Mídia nas mãos de oligarcas
O jornalista Davis Alandete, do jornal espanhol El País, escolheu ser mais crítico com o juiz Sérgio Moro. "(Ele) esquece que, no caso Watergate, quem gravou seus adversários não foi um juiz, mas o próprio presidente, que foi obrigado a renunciar. Não é um mau exemplo para um magistrado, especialmente se ele tiver ambições políticas."
Já o jornal francês Le Monde afirmou que o impeachment não é uma garantia de estabilidade. "O vice-presidente Michel Temer ainda sofre ameaça de um processo do Tribunal Superior Eleitoral, que lançou dúvidas sobre a origem do financiamento da sua campanha em 2014 (…) e ele também foi citado na Lava Jato. Caso seja culpado, ele também terá que deixar o poder, fazendo com que os brasileiros fiquem ainda mais enojados da sua classe política".

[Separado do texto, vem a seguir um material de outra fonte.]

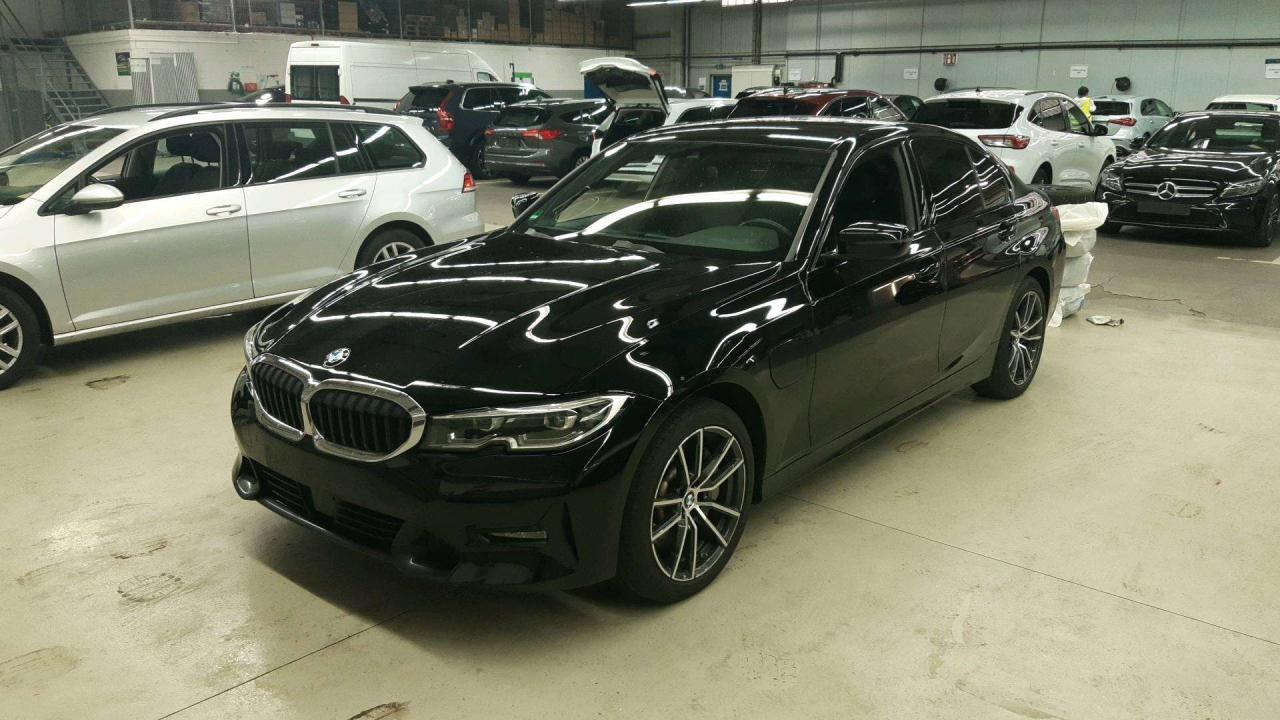 BMW 3ER REIHE 330e Sport Line Automatik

Já o L'Humanité, ligado ao partido comunista francês, afirmou no início do mês que a crise tem sido alimentada pela direita brasileira e pela imprensa. "Os veículos de mídia que estão nas mãos de grandes oligarcas do país são acusados de jogo sujo, estimulando linchamento políticos que não têm relação nenhuma com informação."
Protestos organizados pela imprensa
As posições mais claras sobre a crise também são perceptíveis em jornalistas estrangeiros baseados no país. O americano Glenn Greenwald, que tem tomado uma posição crítica em relação à imprensa e à oposição brasileiras, argumentou em texto no site de língua inglesa The Intercept que a mídia-corportativa do Brasil age como os "verdadeiros organizadores dos protestos, como relações-públicas dos partidos de oposição."
"Boa parte dessa cobertura internacional é repetidora do discurso que vem das fontes midiáticas homogeneizadas, antidemocráticas e mantidas por oligarquias no Brasil e, como tal, essa informação é enviesada, pouco precisa e incompleta", escreveu Greenwald.
Em sua conta no Twitter, em resposta a um usuário, ele resumiu a crise assim: "Trata-se de tirar um partido que foi eleito quatro vezes seguidas e que os ricos não conseguem derrotar."
O jornalista Will Carless, correspondente do Global Post e da Public Radio International no Rio de Janeiro, criticou o texto de Greenwald no Twitter. "Gleen e Andrew Fishman [o outro jornalista que assinou a matéria] dedicam pouco espaço ao fato de que muitos no partido governista PT cometeram crimes sérios, como basicamente roubar o erário. A mídia está explorando o assunto, é claro, mas os fatos estão ali para serem explorados", escreveu.
Em resposta, Fishman afirmou no Twitter que "[a corrupção] sempre esteve por aí. Eles [a mídia] só exploram [a corrupção] quando você é petista."
O jornalista americano Alex Cuadros, antigo colaborador da Bloomberg baseado em São Paulo, demonstrou temor de que as investigações da Lava Jato sejam prejudicadas. "O novo ministro da Justiça ameaça trocar investigadores caso suspeitar de vazamentos. Eu prefiro a Dilma que não se intromete na Lava Jato."
Carless, por sua vez, disse preferir "a Lava Jato que não vaza coisas de maneira imprudente para a imprensa". Cuadros respondeu: "É um importante contraponto, mas em geral eu prefiro que os vazamentos existam do que não tê-los. Eu penso que a maioria foi justificável."